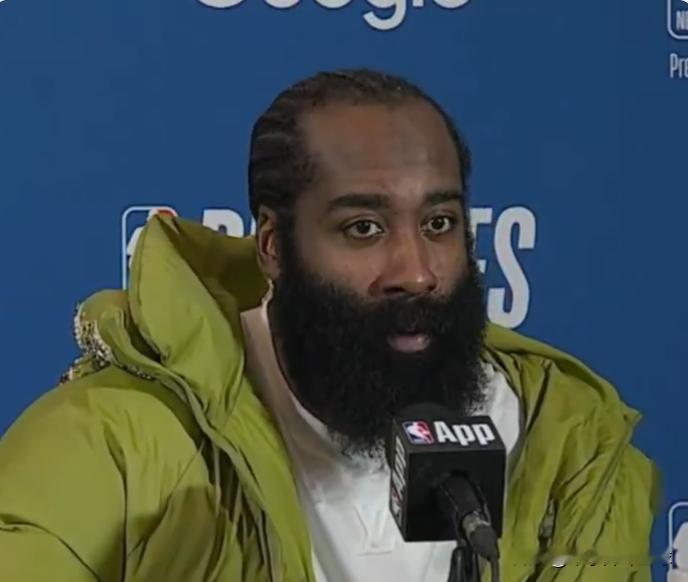 骑士4分惜败猛龙，大比分2-2！但今天不太想聊比赛，咱们聊几个有意思的...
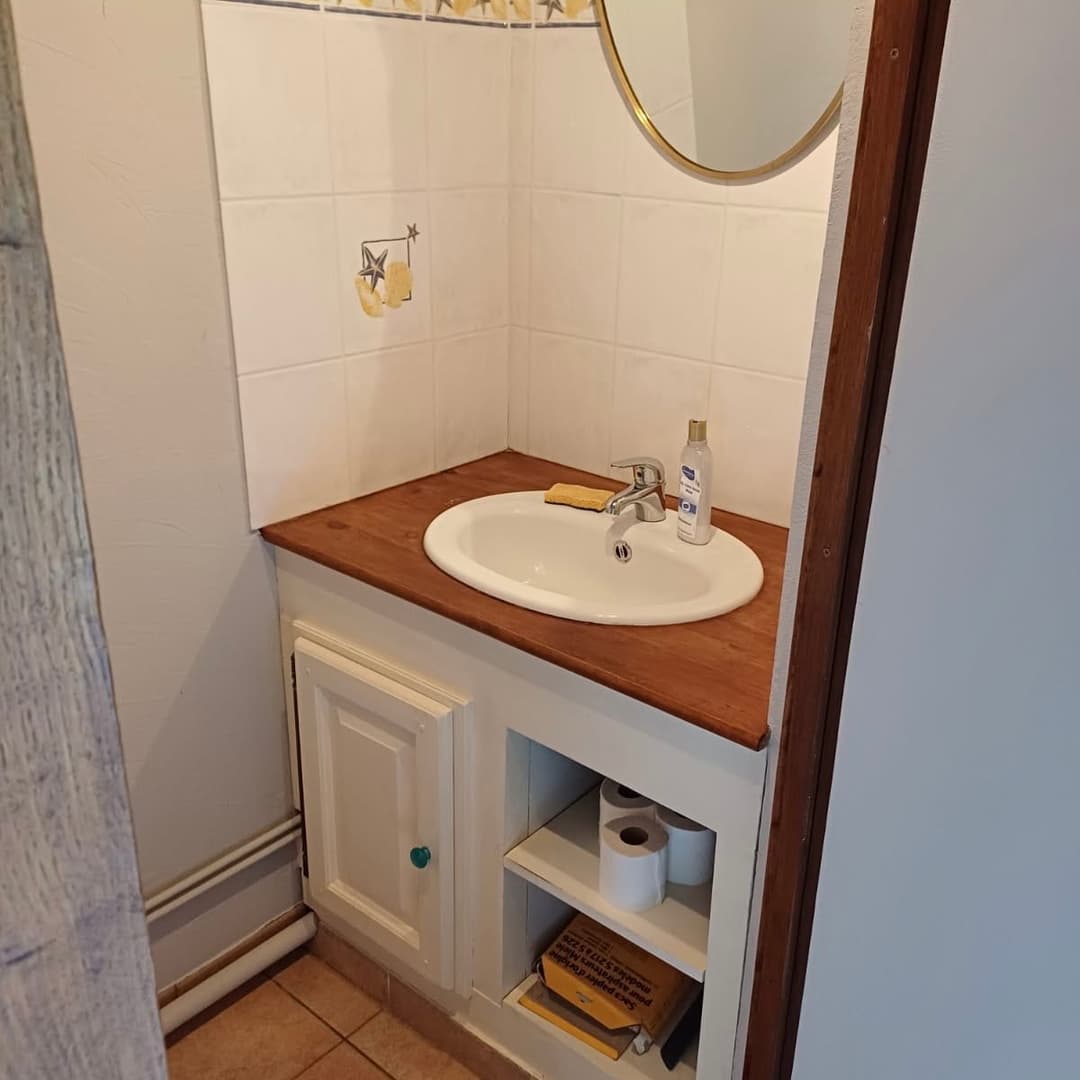 Maison tout équipée avec étang privé en Auvergne-Rhône-Alpes 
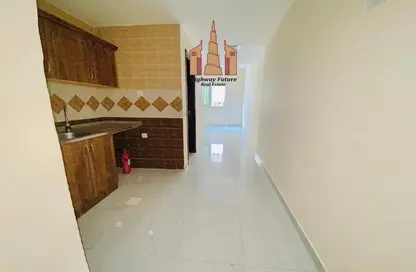 Apartment - 1 Bathroom for rent in Muwailih Building - Muwaileh - Sharjah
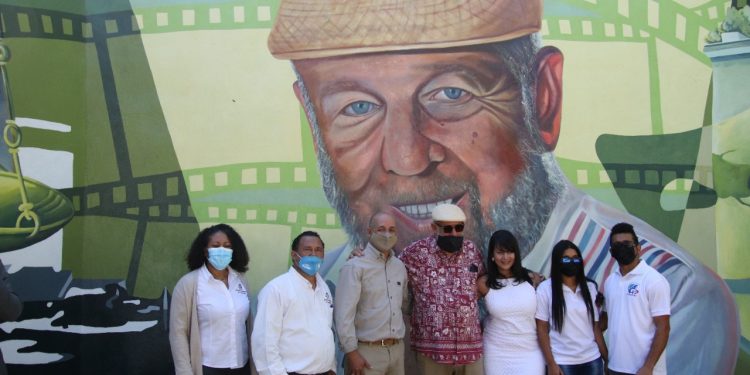 Un mural para el duende: homenaje a Freddy Ginebra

_WHAT TO DO_:
Everything in the material above must be repeated exactly, apart from its pictures.

_SOLUTION_:
 骑士4分惜败猛龙，大比分2-2！但今天不太想聊比赛，咱们聊几个有意思的...
 Maison tout équipée avec étang privé en Auvergne-Rhône-Alpes 
 Apartment - 1 Bathroom for rent in Muwailih Building - Muwaileh - Sharjah
 Un mural para el duende: homenaje a Freddy Ginebra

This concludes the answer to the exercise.